Understanding Airflow Pipelines

An Airflow pipeline is essentially a set of parameters written in Python that define an Airflow Directed Acyclic Graph (DAG) object. Various tasks within a workflow form a graph, which is Directed because the tasks are ordered. To avoid getting stuck in an infinite loop, this graph does not have any cycles, hence Acyclic.

For example, if we had three tasks named FooBar, and FooBar, it might be the case that Foo runs first and Bar and FooBar depend on Foo finishing.

This would create a basic graph like the one below. As you can see, there's a clear path. Now imagine this with tens of hundreds of tasks. Having a clear structure for how those tasks are run and what the order is is important.

With that basic explanation out of the way, let's create your first DAG.

If you followed the link above for setting up Airflow, then you should have set up a directory that points the AIRFLOW_HOME variable to a folder. By default, this should be a folder called airflow.In that folder, you will need to create a DAGs folder. You want to create your first DAG in the DAGs folder, as below.

airflow                  # airflow root directory.
├── dags                 # the dag root folder
│   ├── first_dag.py        # where you put your first task

Enter fullscreen mode Exit fullscreen mode

Set default_args

Breaking this down, we will need to set up a Python dictionary containing all the arguments applied to all the tasks in your workflow. If you take a look in the code below, there are some basic arguments, including owner (basically just the name of the DAG owner), and start_date of the task (determines the execution day of the first DAG task instant)

Airflow is built to handle both incremental and historical runs. Sometimes you just don't want to schedule the workflow and just run the task for today.

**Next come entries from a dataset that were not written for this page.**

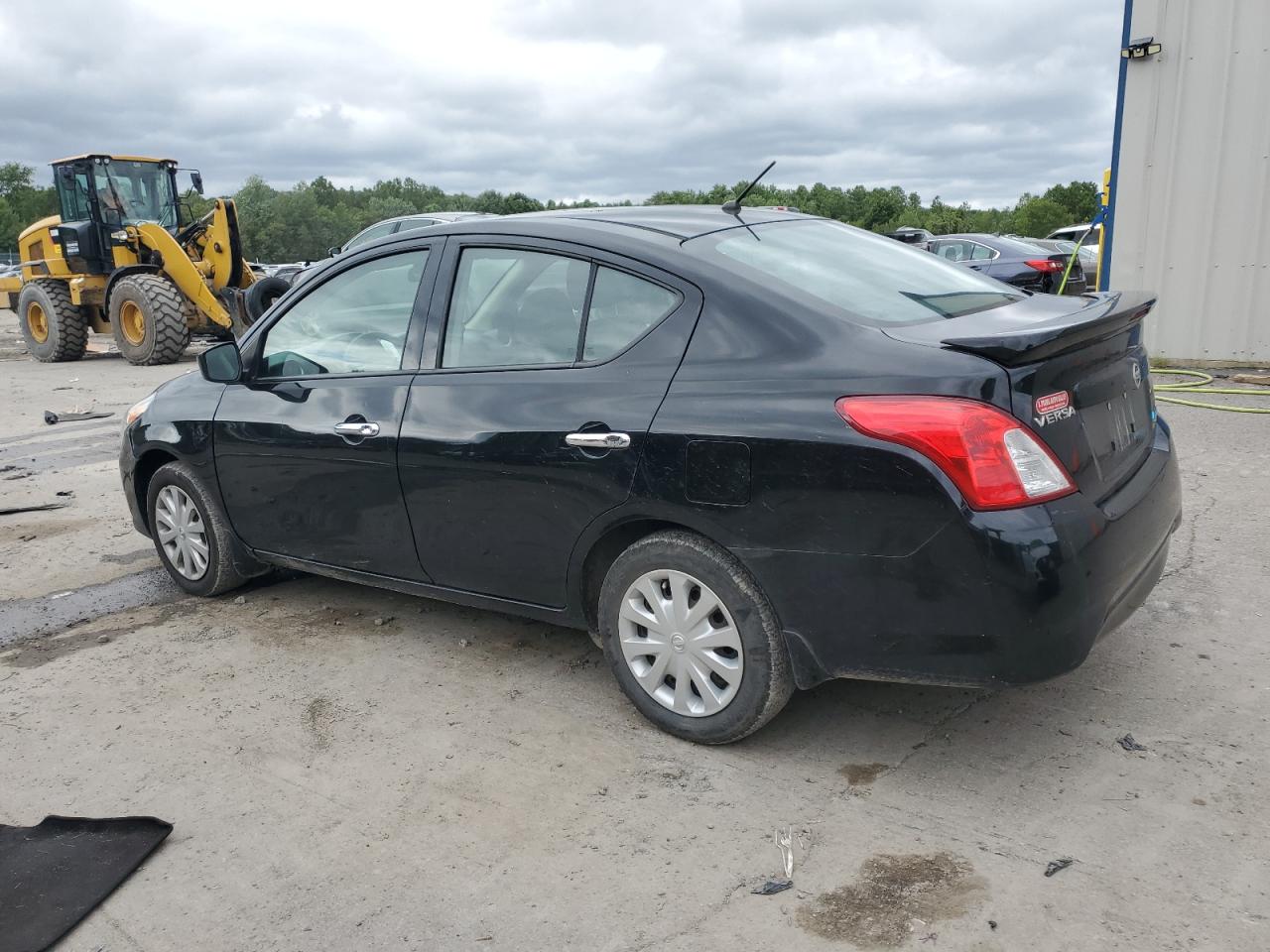 Lot #3033337822 2015 NISSAN VERSA S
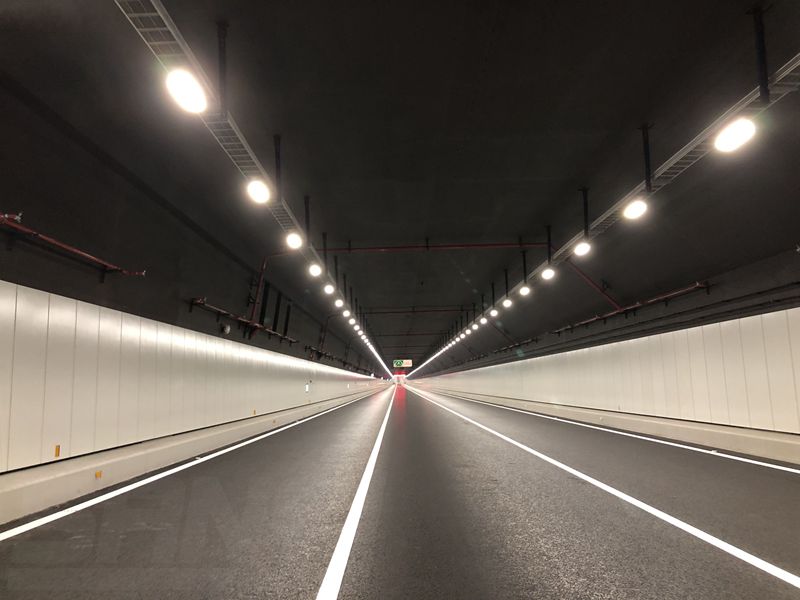 6.7公裏長海底隧道中的LED反（fǎn）射式隧道燈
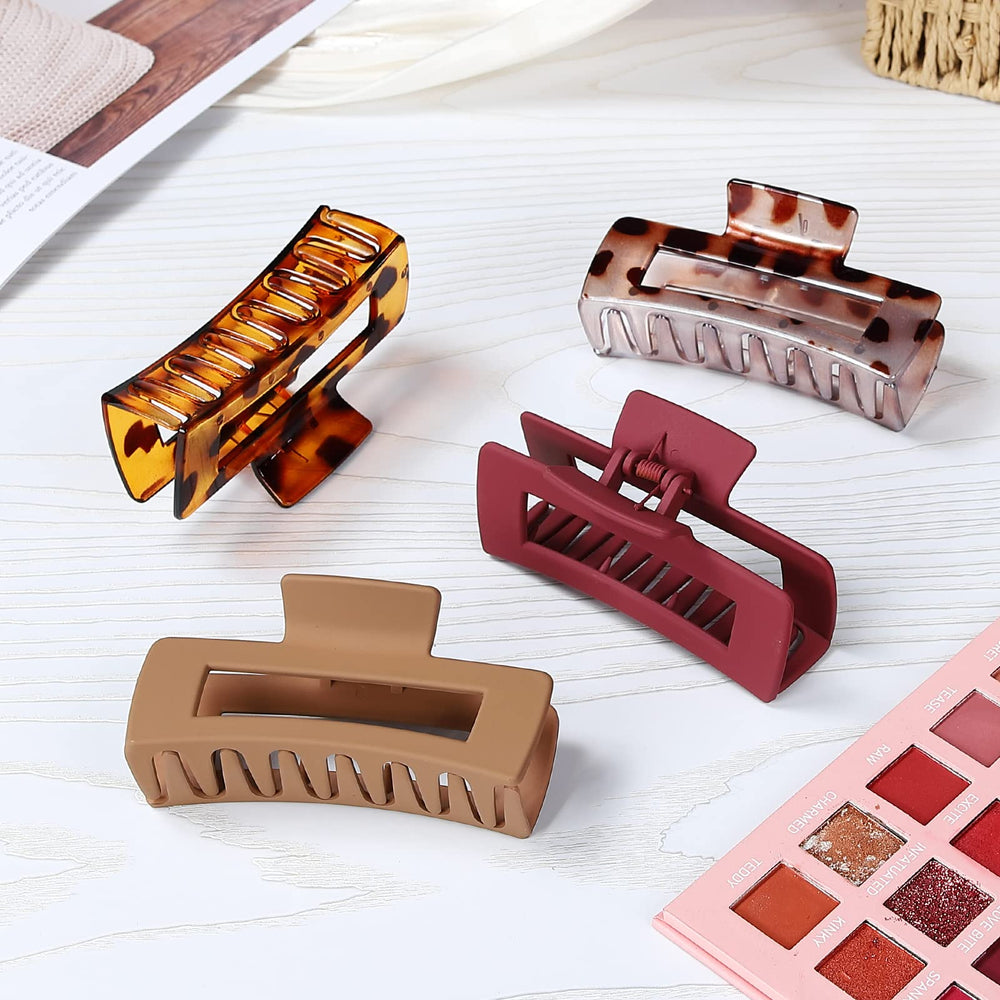 Mandydov blue clip coordinates with casual or athletic outfits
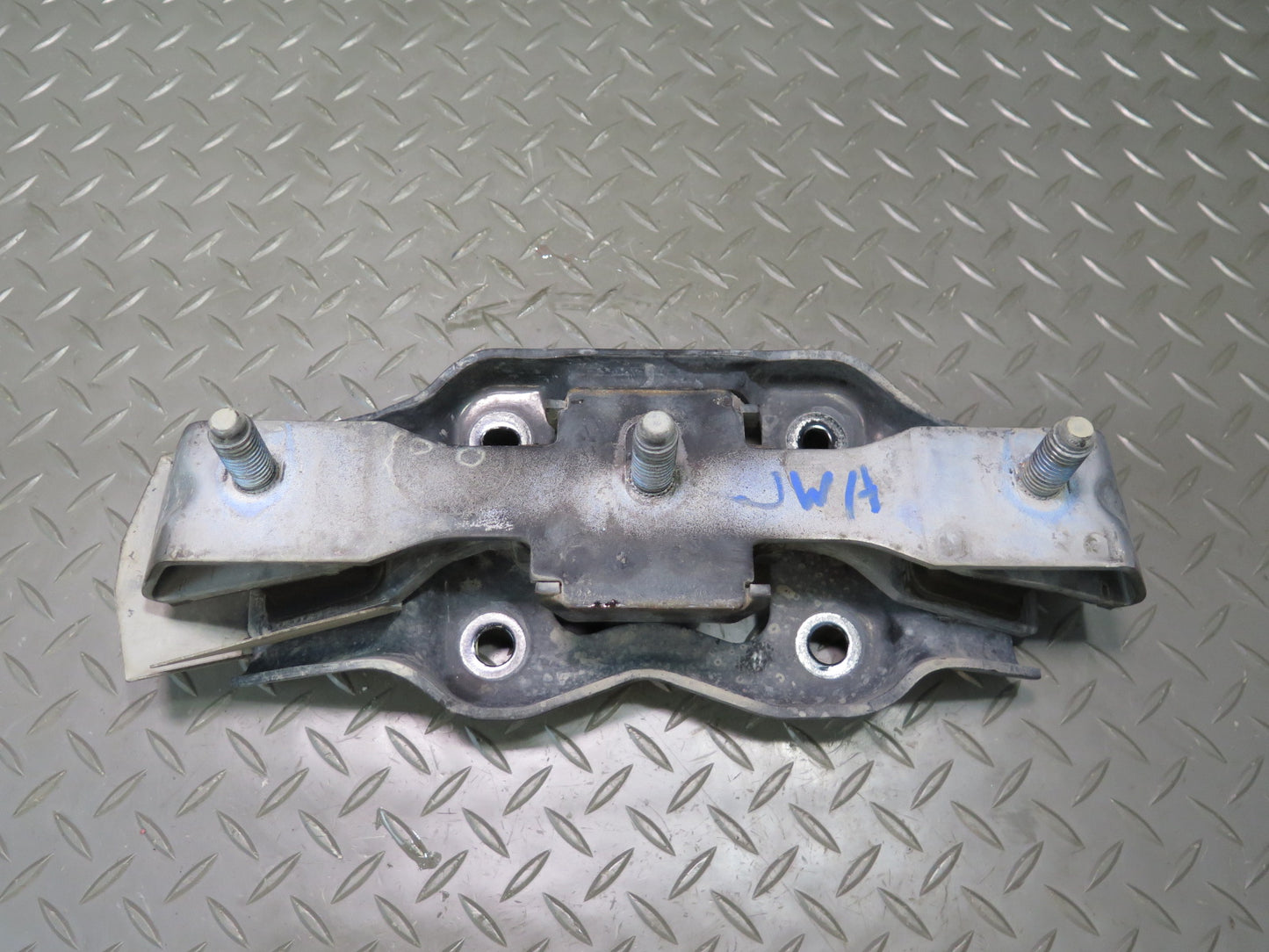 18-26 Jeep Wrangler JL Automatic Transmission  Rear Mount 68236162AA OEM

You may also want to start running tasks from a specific day in the past (e.g., one day ago,) which is what is set up in the first code snippet below.


default_args = {
'owner': 'default_user',
'start_date': airflow.utils.dates.days_ago(1),
'depends_on_past': True,
  #With this set to true, the pipeline won't run if the previous day failed
'email': ['info@example.com'],
'email_on_failure': True,
 #upon failure this pipeline will send an email to your email set above
'email_on_retry': False,
'retries': 5,
'retry_delay': timedelta(minutes=30),
}

Enter fullscreen mode Exit fullscreen mode

In this case, the start_date is one day ago. Your first DAG will run yesterday's data, then any day after that.

Here are some other key parameters.

  • end_date in the code will determine the last execution date. Specifying an end date limits Airflow from going beyond the date. If you don't put in this end date, then Airflow will just keep running forever.
  • depends_on_past is a Boolean value. If you set it to true, the current running test instance will rely on the previous task's status. For example, suppose you set this argument to true, in this case, a daily workflow. If yesterday's task run failed, then a two-day task will not be triggered because it depends on the status of the previous date.
  • email is just where you will receive the email notification from. You can set up your private email in the configuration file.
  • email on failure is used to define whether you want to receive the notification if a failure happens.
  • email on retry is used to define whether you want to receive an email every time a retry happens.
  • retries dictates the number of times Airflow will attempt to retry a failed task
  • retry-delay is the duration between consecutive retries.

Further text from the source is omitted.